On Moments

Tom Farrow
Uncertainty, magic, and why sport needs to remember the value of both.

 

“Thirty years ago, when I first began to study Zen, I saw mountains as mountains and waters as waters. Later, after gaining insight through the guidance of wise teachers, I came to the realization that mountains are not mountains, and waters are not waters. But now, having attained true rest, I see mountains once again as mountains, and waters once again as waters.”

– Zen Master Qingyuan Xingsi

The Sevens Rugby World Cup in San Francisco, 2018, was my first time travelling with the England Sevens team having taken on the Head of Strength & Conditioning role earlier that year. Shortly after the start of extra time, in the quarter final of that competition (a sudden-death, next-point-wins scenario) something occurred that shaped my perspective on performance and how I view the acquisition of sporting mastery.

We were playing a strong USA team and it was their home World Cup. They took the lead early in the game, before we managed to get two tries back via Dan Norton before half time, followed by a further try from Ollie Lindsay-Hague straight after the break. However, the US team fought back, and the game was tied at 19-19 at the end of regular time. In the short drinks break, I remember standing outside the huddle as our captain, Tom Mitchell, spoke to the team before the referee called the teams for the start of extra-time. There was a calm assurance about this England team, they didn’t seem nervous. I was. It would have felt a huge anti-climax, and a disappointing first tournament, if we dropped out at this stage. The energy between them inspired belief within me that we’d come through with the win… but sometimes it’s the hope that kills you.

The AT&T Park was bouncing. With the field converted from its usual markings as a baseball diamond, complete with patchwork turf where the mound and dirt-based infield had all been covered over. 100,000 fans attended over the 3-day tournament. This was the last game of the Saturday evening slot, with the host-nation playing their second knockout game after breezing past Wales, 35-0, in the previous round.

The restart in rugby sevens is key; often short but high, giving the team taking the restart as much chance as possible to compete in the air and win the ball back. With so much space on the field, and short games, possession is generally much more important than territory in sevens. With extra-time being sudden-death (first score wins), the need to gain possession from the restart was crucial. The team that takes the restart are in some ways in the less advantaged position as they’re unable to lift a player to compete, as they are running on to the ball, although they do know where the ball is going to go…

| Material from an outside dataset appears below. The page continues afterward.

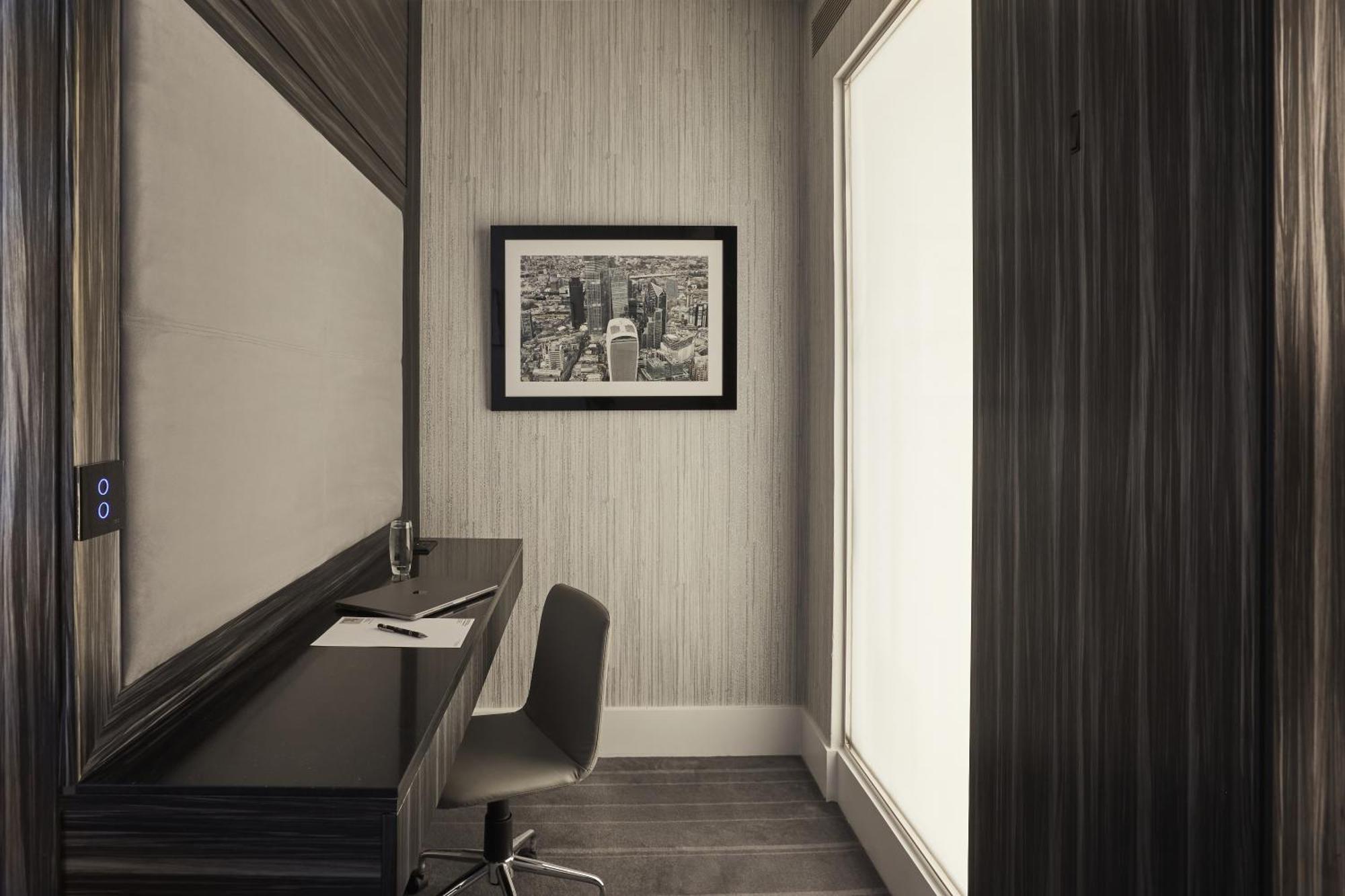 Eccleston Square Hotel London Exterior photo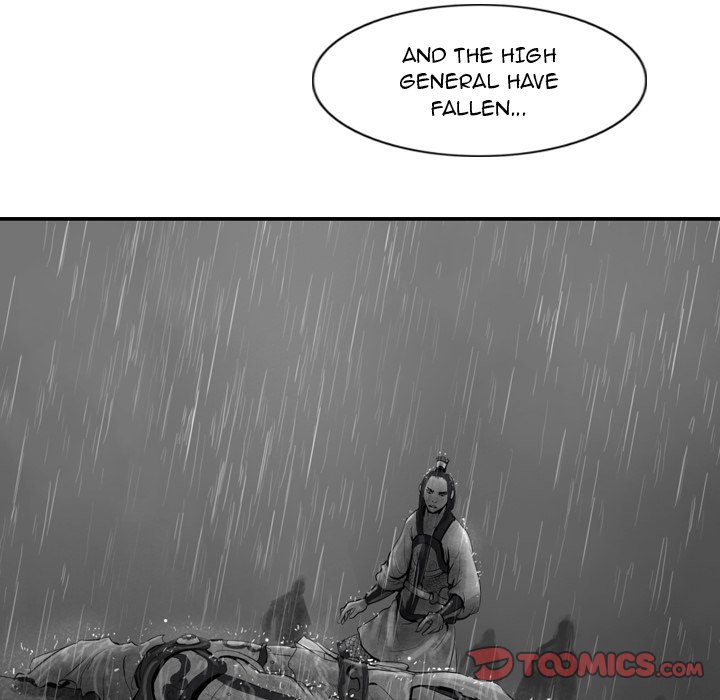 The Wanderer Chapter 43 - Page 81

At the start of extra time in the quarter final, we had the restart. A perfectly placed kick gave Harry Glover the opportunity to get up and tap the ball back towards our team. He executed this perfectly and Phil Burgess caught the ball then carried into contact, setting up a ruck where we successfully secured the ball. Job one complete… What followed was an anxious, short (but which seemed to move in slow-motion) period of ball-retention, where we were reluctant to take contact for fear of being turned over. USA were also nervous to jump out of the line and seek contact, as they were worried about leaving a gap for us to stroll through. Following this short period of possession, Captain Mitch, situated in the USA half and towards the right-hand side of the pitch, spotted Burgess camped out on the opposite touch line. Bravely, Mitch opted to send a high, looping kick across to the opposite side of the pitch, towards a space 25m in front of where Burgess was starting from. Not known for his speed, but renowned for his aerobic engine, we often joked with Phil that he was the fastest player on the pitch towards the end of games, as everyone else had dropped off speed through fatigue. As the ball soared over the USA defenders and they scrambled to make up the space to get underneath it, Burge accelerated to the spot where the ball was destined to land. In a moment of absolute magic and seeming nerves of pure steel, Phil took the catch running on to the ball at full speed, outpacing the US players to the try-line to score the match winning try and knocking out the home-nation from the World Cup.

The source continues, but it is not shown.